- India / England
- Dates: 15 December 1933 – 4 March 1934
- Captains: CK Nayudu / Douglas Jardine

Test series
- Result: England won the 3-match series 2–0
- Most runs: Lala Amarnath (203) / Cyril Walters (284)
- Most wickets: Amar Singh (13) / Hedley Verity (24)

= English cricket team in India in 1933–34 =

International cricket tour

A cricket team from England organised by the Marylebone Cricket Club (MCC) and captained by Douglas Jardine, toured India from 15 December 1933 to 4 March 1934. In the Test matches, the side was known as "England"; in other matches, it was known as "MCC". England won the Test series 2–0. The MCC team concluded its tour with four matches in Ceylon, two of them first-class.

It was England's first Test tour of India. Tours planned for 1930–31 and 1931–32 had been cancelled owing to civil unrest in India.

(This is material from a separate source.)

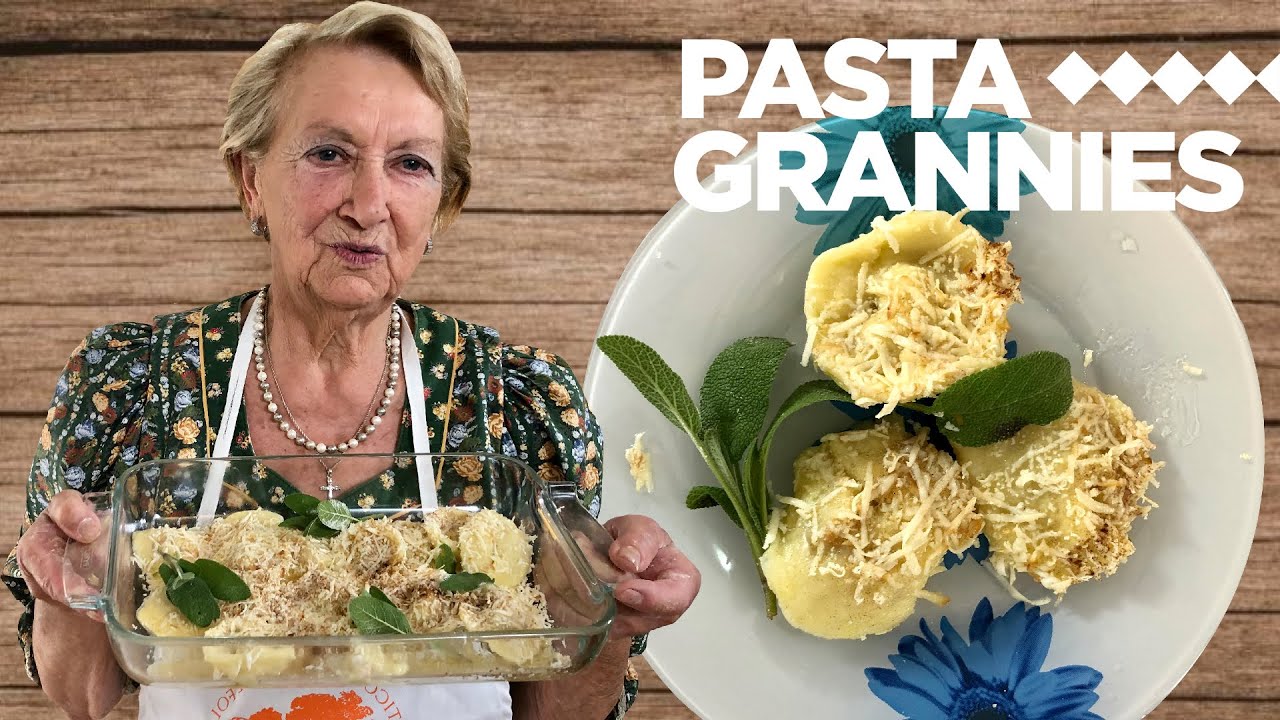 Discover sweet ravioli called cjarsons from Friuli Venezia Giulia! | Pasta Grannies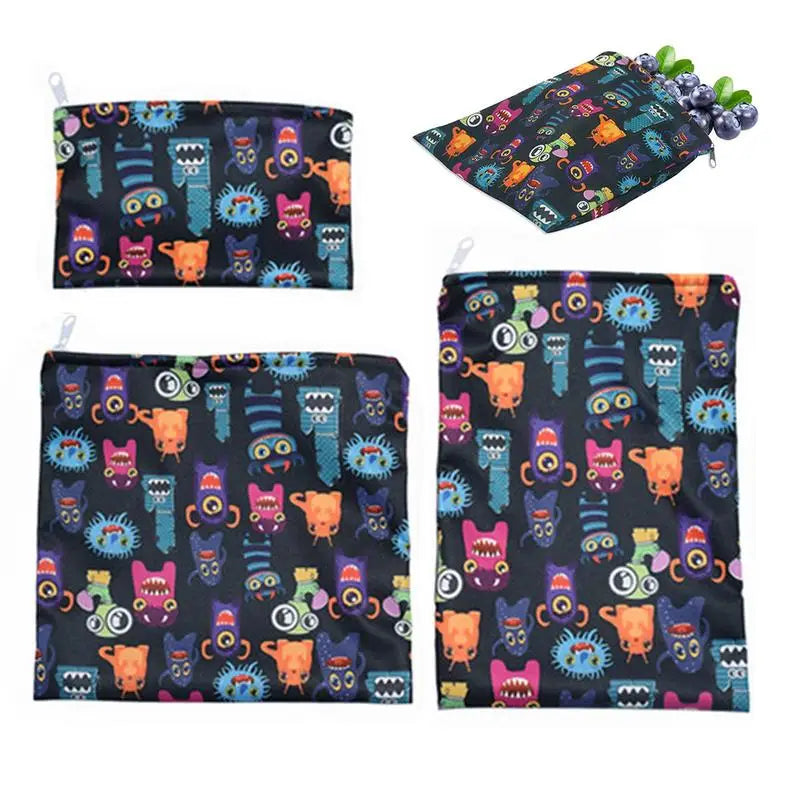 Organic reusable waterproof snack bags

Overall, the team played 34 matches: three Tests, 15 other first-class matches, and 16 non-first-class matches.

==The English team==

- Douglas Jardine (captain)
- Fred Bakewell
- Charlie Barnett
- Nobby Clark
- Harry Elliott
- Bob Gregory
- John Human
- James Langridge
- Hopper Levett
- Charles Marriott
- Arthur Mitchell
- Stan Nichols
- Leslie Townsend
- Bryan Valentine
- Hedley Verity
- Cyril Walters

Only Jardine and Verity had toured Australia in 1932–33.